About this task:
From the entries below, transcribe exactly the lines between the line holding "Dynamic scene portraying" and the line holding "Cute Vintage Pink", inclusive; skip all other lines.

Data for the task:

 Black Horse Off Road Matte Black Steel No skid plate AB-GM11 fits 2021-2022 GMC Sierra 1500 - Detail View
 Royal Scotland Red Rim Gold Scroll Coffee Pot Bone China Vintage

* * *

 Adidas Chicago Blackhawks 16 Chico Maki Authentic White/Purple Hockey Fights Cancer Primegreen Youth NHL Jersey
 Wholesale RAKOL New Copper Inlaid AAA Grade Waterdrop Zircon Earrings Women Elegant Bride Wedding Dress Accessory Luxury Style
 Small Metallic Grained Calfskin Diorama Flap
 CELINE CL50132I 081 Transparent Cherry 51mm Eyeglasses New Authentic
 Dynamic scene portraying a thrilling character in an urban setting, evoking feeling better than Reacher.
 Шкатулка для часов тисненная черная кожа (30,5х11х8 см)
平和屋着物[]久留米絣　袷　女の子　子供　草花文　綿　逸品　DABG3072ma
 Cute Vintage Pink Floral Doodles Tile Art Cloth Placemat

...

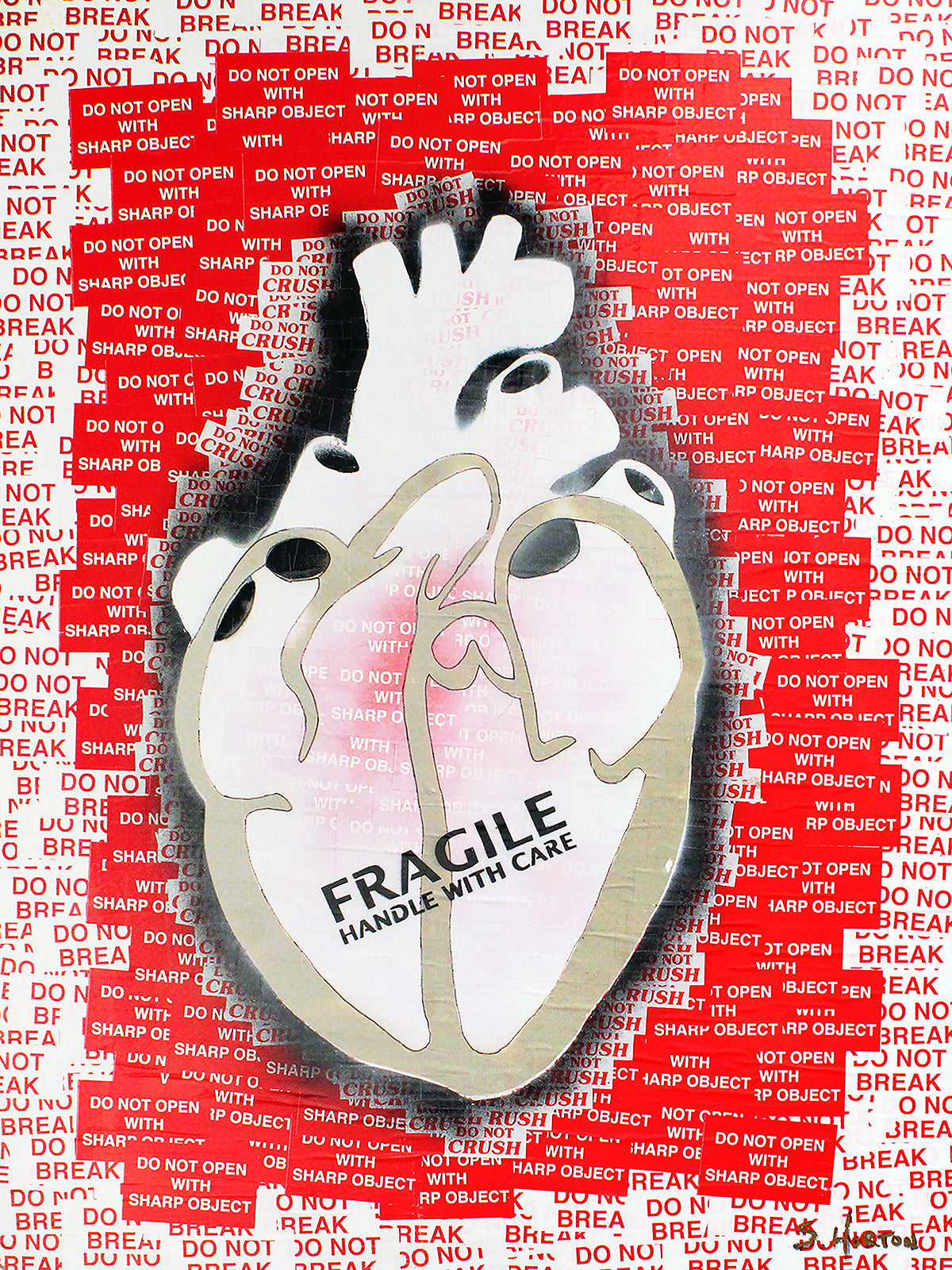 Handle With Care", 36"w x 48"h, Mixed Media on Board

Output:
 Dynamic scene portraying a thrilling character in an urban setting, evoking feeling better than Reacher.
 Шкатулка для часов тисненная черная кожа (30,5х11х8 см)
平和屋着物[]久留米絣　袷　女の子　子供　草花文　綿　逸品　DABG3072ma
 Cute Vintage Pink Floral Doodles Tile Art Cloth Placemat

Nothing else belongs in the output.